By Margot Sanger-Katz, March 07, 2017
Republicans in the House have performed major surgery on the Obamacare replacement plan they circulated a few weeks ago. But compared with the Affordable Care Act, the new plan still shifts a lot of benefits from the poor to those who earn more.
Legislative language for what House leaders call the American Health Care Act, released Monday evening, would substantially cut back funding to states that cover poor adults through their Medicaid program. It would cut back on financial assistance for relatively low-income insurance shoppers above the poverty line.
It would offer new financial benefits for the upper-middle class and the rich. Americans higher up the income scale would be eligible for subsidies to help them buy health insurance. Taxes on high incomes would be reversed. And the law would allow people to save more money each year in tax-free health savings and flexible spending accounts — accounts that are most valuable to people who pay high income tax rates and have money to save.
The bill even does away with a provision meant to tax incomes of insurance executives that top $500,000.
The bill is still subject to amendments and debate. The two House committees that wrote the legislation have scheduled hearings in the coming days. But the legislation was drafted in consultation with House leadership and Republicans on the other committees that oversee health care. President Trump, in a tweet and a brief statement from his press office Monday, signaled his general support for the plan.
The legislation comes with some numbers that we didn’t know before. Young adults who buy insurance coverage get $2,000 in federal cash to help them pay health premiums. Older adults get $4,000. Those numbers are higher than we’ve seen in previous G.O.P. proposals. But they would still mean that the Americans who have benefited most from the tax subsidies in the Affordable Care Act — individuals earning less than about $30,000 — would get substantially less help.
Obamacare’s subsidies were calculated to ensure that middle-class people didn’t have to spend more than a set percentage of their income on insurance. And a timely analysis from the Kaiser Family Foundation (based on a slightly earlier draft) shows that, in most parts of the country, low-income people would face a much larger gap between the value of their tax credit and the retail price of insurance than they do now.
Poor, older adults would face the largest crunch: The magnitude of their tax credits shrinks, even as a separate provision in the bill allows insurers to charge older people substantially higher prices than are allowed under the Affordable Care Act.
In some ways, the bill is less generous to the rich and less punishing to the poor than previous drafts of the legislation. The super-rich no longer qualify for a tax credit. Unlike previous drafts, which allowed anyone, regardless of income, to qualify for assistance, the bill offers the full subsidies only to individuals earning less than $75,000 a year or to joint filers earning $150,000. The subsidies slowly decrease above that threshold, meaning the country’s unemployed millionaires would still have to pay full freight for their health insurance.

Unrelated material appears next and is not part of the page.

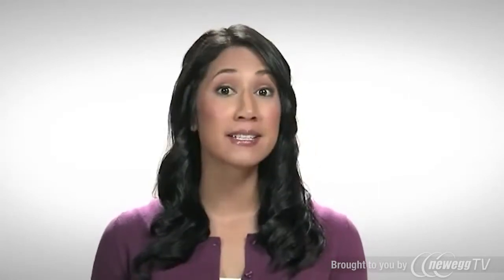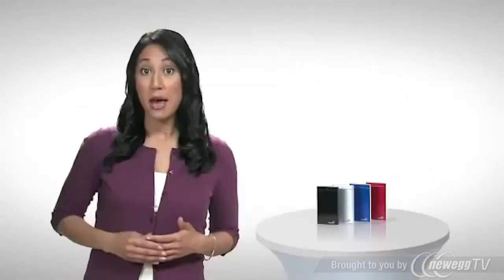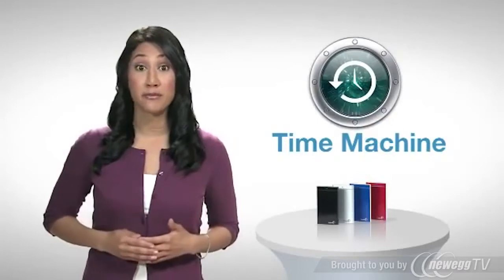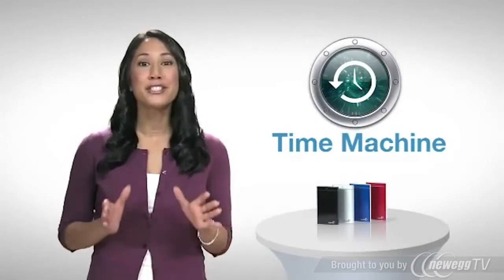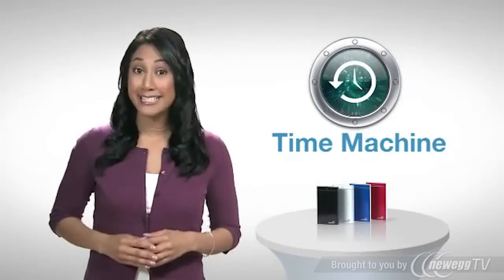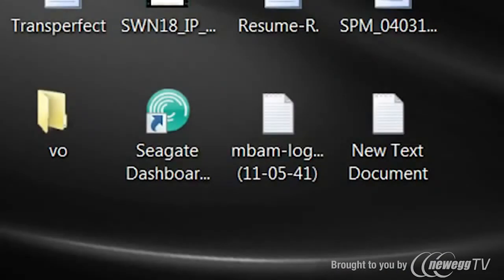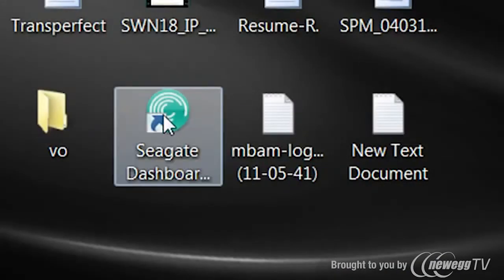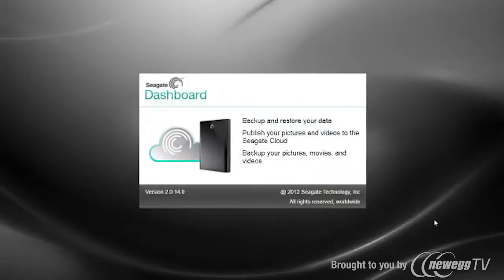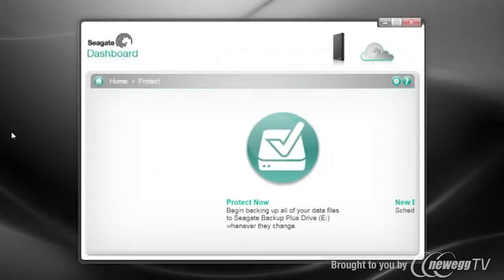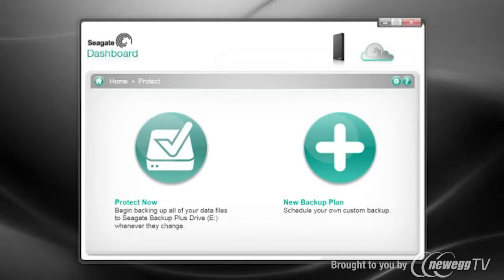Before we start protecting your data, I need to let you know that Protect is only for PCs. Mac users can use Time Machine for backup. But don't worry — you'll still get to use the great Share and Save features on the Mac version of the Seagate Dashboard. So once you've installed the Seagate Dashboard on your PC, launch it from your desktop and click the Protect button. If this is your first time or you don't already have a backup plan created, you'll see this screen. Let's click on Protect Now.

The Medicaid provisions also give states more money to care for the poor adults who were newly covered by Obamacare for longer. Until 2020, states would continue to get the funding levels mandated by the Affordable Care Act.
But, after that, the Medicaid program would change in two important ways. Instead of paying a set percentage of medical bills, the new system would instead hand states a flat payment for each person who is signed up. And the amount states would get for the people signed up under the Obamacare expansion would be substantially reduced, by more than a third in some states, except in the case of people who stay continuously enrolled in Medicaid, a somewhat rare circumstance in a program in which people tend to cycle in and out of eligibility as their incomes change. States will retain the option of eliminating coverage for the Obamacare expansion population, and many may do so if their federal funding is cut and they can’t make up the difference.
Four Republican senators signed a letter Monday, before the bill was released, saying they could not support a plan that reversed the Medicaid expansion in their state. We will have to see whether this set of revisions is enough to overcome their concerns. (To pass, the bill needs 50 Senate votes, which means that leadership can’t afford to lose even three senators.)
The bill keeps some of Obamacare’s most popular provisions: Insurers have to offer health plans to people regardless of their health history. Plans cannot cap the amount they pay in claims in a year or the life of their customers. Adult children can continue to stay on their parents’ plans until they are 26. A list of required benefits that include preventive medicine and maternity care will still be required of all plans.
The numbers that are still missing are important. The nonpartisan Congressional Budget Office is still reviewing the bill. When it finishes its estimates, we’ll have a better sense of how much health insurance would probably cost under this plan and how many people would be covered. But it is reasonable to predict that the plan will cover fewer people than the current law does, and that the people who lose coverage will be those who are poorer.